Task: Check every line of the entries below for the word "image", and copy the ones that have it.
Data records: Begin
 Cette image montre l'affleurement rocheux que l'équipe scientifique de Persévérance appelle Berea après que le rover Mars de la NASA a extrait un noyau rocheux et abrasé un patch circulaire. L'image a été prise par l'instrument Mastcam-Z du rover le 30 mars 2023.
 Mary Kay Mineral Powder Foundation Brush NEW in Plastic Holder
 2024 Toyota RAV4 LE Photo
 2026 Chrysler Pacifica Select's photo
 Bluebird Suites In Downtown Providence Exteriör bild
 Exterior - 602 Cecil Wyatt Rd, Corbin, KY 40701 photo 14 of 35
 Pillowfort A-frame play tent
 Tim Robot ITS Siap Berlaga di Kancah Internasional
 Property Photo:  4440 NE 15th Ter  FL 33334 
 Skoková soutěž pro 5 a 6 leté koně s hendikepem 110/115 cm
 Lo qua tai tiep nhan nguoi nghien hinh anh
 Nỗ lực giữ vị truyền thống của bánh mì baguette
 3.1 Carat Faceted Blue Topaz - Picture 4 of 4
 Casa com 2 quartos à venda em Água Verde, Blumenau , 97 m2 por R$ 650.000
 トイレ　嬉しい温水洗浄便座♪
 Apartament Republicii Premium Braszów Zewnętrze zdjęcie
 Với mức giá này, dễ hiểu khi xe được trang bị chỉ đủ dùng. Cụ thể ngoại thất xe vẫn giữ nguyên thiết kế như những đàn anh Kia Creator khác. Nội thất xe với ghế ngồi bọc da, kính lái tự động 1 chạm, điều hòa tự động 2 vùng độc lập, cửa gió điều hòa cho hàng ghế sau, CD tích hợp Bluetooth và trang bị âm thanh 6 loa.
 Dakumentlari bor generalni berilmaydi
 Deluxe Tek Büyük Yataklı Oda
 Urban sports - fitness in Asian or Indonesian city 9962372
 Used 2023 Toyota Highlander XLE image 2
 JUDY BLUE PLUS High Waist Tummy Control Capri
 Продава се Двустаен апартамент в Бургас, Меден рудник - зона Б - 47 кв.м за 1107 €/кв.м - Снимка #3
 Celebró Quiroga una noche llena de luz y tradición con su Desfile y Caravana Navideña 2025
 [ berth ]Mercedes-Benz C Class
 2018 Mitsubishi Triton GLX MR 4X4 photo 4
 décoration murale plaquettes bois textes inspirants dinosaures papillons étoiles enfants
Data records: End
Result of the task:
 Cette image montre l'affleurement rocheux que l'équipe scientifique de Persévérance appelle Berea après que le rover Mars de la NASA a extrait un noyau rocheux et abrasé un patch circulaire. L'image a été prise par l'instrument Mastcam-Z du rover le 30 mars 2023.
 Used 2023 Toyota Highlander XLE image 2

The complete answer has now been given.